Pictures with short captions
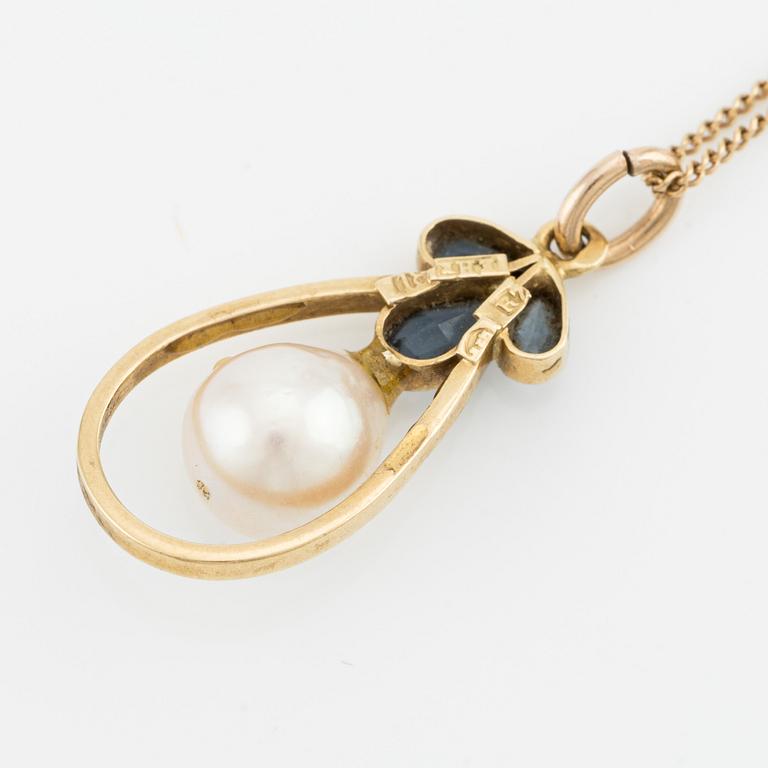 Pendant, 18K gold with pearl and small blue stones, with chain.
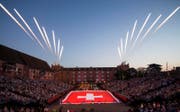 Das Opening am Basel Tattoo mit Massed Military Bands und einer grossen Schweizer Flagge. (Bild: Keystone / Patrick Staub)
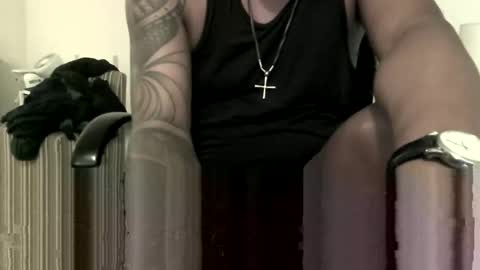 NikoJ1 online show from November 8, 2025, 4:12 am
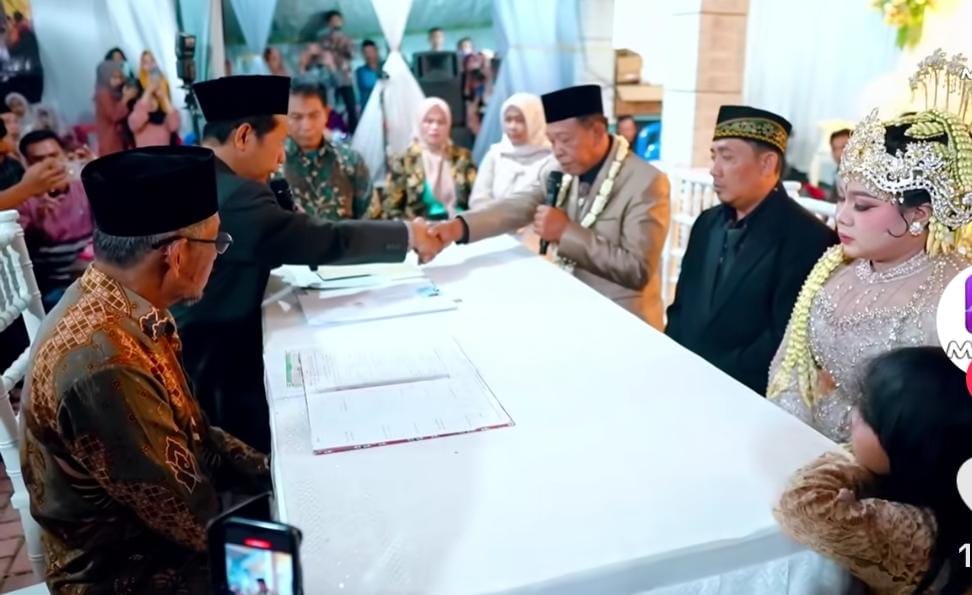 Mahar cek Rp 3 miliar dan mobil mewah, pernikahan Sheila-Tarman di Pacitan berujung teka-teki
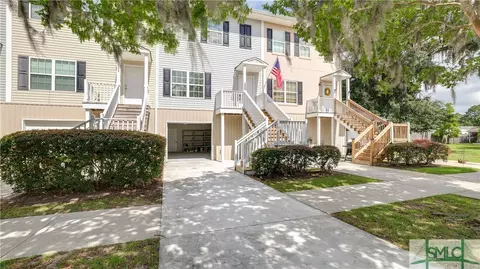 308 Laurel Oak Ln, Savannah, GA 31404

TASK OBJECTIVE:
Output exactly the lines from the one containing "NikoJ1 online show" through the last line of the records above, both included, and leave out the pictures.

YOUR SOLUTION:
 NikoJ1 online show from November 8, 2025, 4:12 am
 Mahar cek Rp 3 miliar dan mobil mewah, pernikahan Sheila-Tarman di Pacitan berujung teka-teki
 308 Laurel Oak Ln, Savannah, GA 31404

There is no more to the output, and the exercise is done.